Spesso questo tipo di mutazioni sono dovute ad errori durante la meiosi, ovvero il
processo che dimezza il corredo cromosomico per produrre gameti. Se durante la prima
divisione meiotica, una coppia di cromosomi omologhi non si divide, si ottengono dei
gameti anomali. La non disgiunzione può avvenire anche durante la seconda divisione
meiotica e quindi interessare i cromatidi fratelli di un cromosoma.
Il caso più frequente è la trisomia 21, chiamata sindrome di Down. Questa alterazione
cromosomica comporta effetti variabili comprendenti un ritardo dello sviluppo più o
meno accentuato, bassa statura, problemi cardiaci e respiratori. La trisomia 21 può
derivare anche da una traslocazione di gran parte del cromosoma 21. Altre due trisomie
note sono la sindrome di Patau (trisomia 13) e la sindrome di Edwards (trisomia 18). In
ambedue i casi, quasi nessuno degli individui nati supera i primi mesi di vita.

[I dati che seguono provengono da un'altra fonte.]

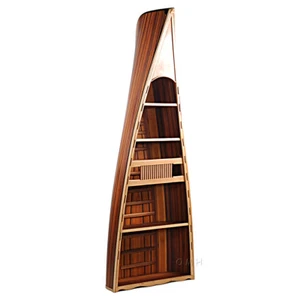 Bookcase Book Shelf Canoe 90" Cedar Wood Strip Built Furniture Boat Shaped Decor - Picture 1 of 9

Più frequenti sono le alterazioni legate ai cromosomi sessuali, tra cui la delezione di un
intero cromosoma X causa della sindrome di Turner, con nascita di femmine che di
norma non maturano sessualmente e che mostrano malformazioni allo scheletro o agli
organi interni. La corrispondente sindrome di Klinefelter deriva invece da una non-
disgiunzione e porta alla nascita di maschi XXY. Questa alterazione a volte comporta un
ritardo mentale variabile e colpisce lo sviluppo sessuale durante l’adolescenza.